Page 1 of 1

How to reject records having Extra Fields in Seq file stage

Posted: Wed Mar 22, 2017 6:41 am
by Apy
Hi,

I am reading a Sample.txt file using Sequential File Stage. Below are the details for .txt file and metadata for Sequential File Stage-
  • 1) 3 Fields are defined in Sequential file stage Schema.
    2) Sample.txt is having below set of records-

Code: Select all

Field1|Field2|Field3
1|2|3
11|22
111|222|333|444
Output of the sequential file stage(Delimiter='|') is as mentioned below-

For Record-1 :
Field1 = 1
Field2 = 2
Field3 = 3

Record-2 is rejected as it is having less number of fields than what is defined in Sequential File Stage Schema.

For Record-3 :
Field1 = 111
Field2 = 222
Field3 = 333|444

As per the functionality, it should reject Record-3 as well.
Any suggestion/opinion on this?

Posted: Wed Mar 22, 2017 7:44 am
by qt_ky
I see the same behavior. I suppose you would need to detect and reject that last scenario (Field3 = 333|444) in a Transformer stage constraint following the Sequential File stage.

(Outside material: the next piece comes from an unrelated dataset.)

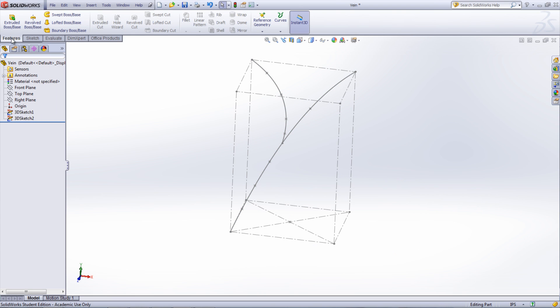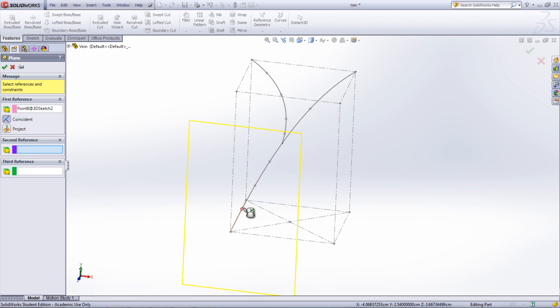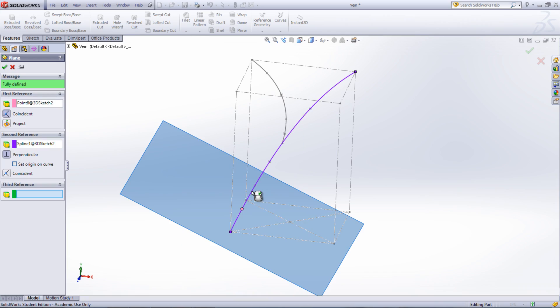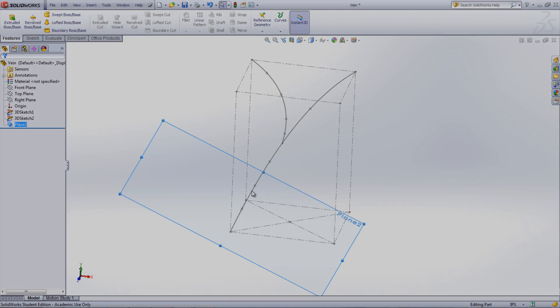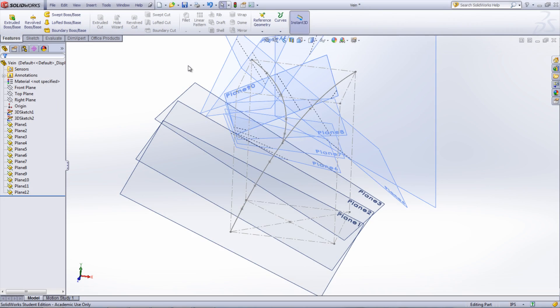Planes can be inserted into the model by clicking Reference Geometry under the Feature Command Manager and selecting Plane. Use one of the created points as well as the spline itself to create a plane that is perpendicular to the spline at that point. Repeat this for all the points.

Posted: Thu Mar 23, 2017 4:04 am
by ray.wurlod
Read the line as a single VarChar field and effect the parsing in a Transformer stage. If the field does not exist, Field() returns "". The Field() function has a fourth argument, so Col3 would be derived as, for example,

Code: Select all

Field(InLine.TheString, "|", 3, 99)

Posted: Thu Mar 23, 2017 5:29 am
by Apy
Thanks for the response. I was just asking if can handle this at sequential file stage itself. As this is the expected functionality :)

Posted: Sun Mar 26, 2017 3:44 pm
by ray.wurlod
You can define additional fields and set the Drop on Import property, but I don't believe there's any generic solution like the one you seek.

Posted: Tue Apr 04, 2017 3:06 pm
by kris
If you configure Sequential File Stage with below properties and everything else to the defaults or however you need them to your file needs, any record with more (or less) than specified number of columns will be rejected. And you can actually capture these rejected records in a reject file with error message at the end of every error record.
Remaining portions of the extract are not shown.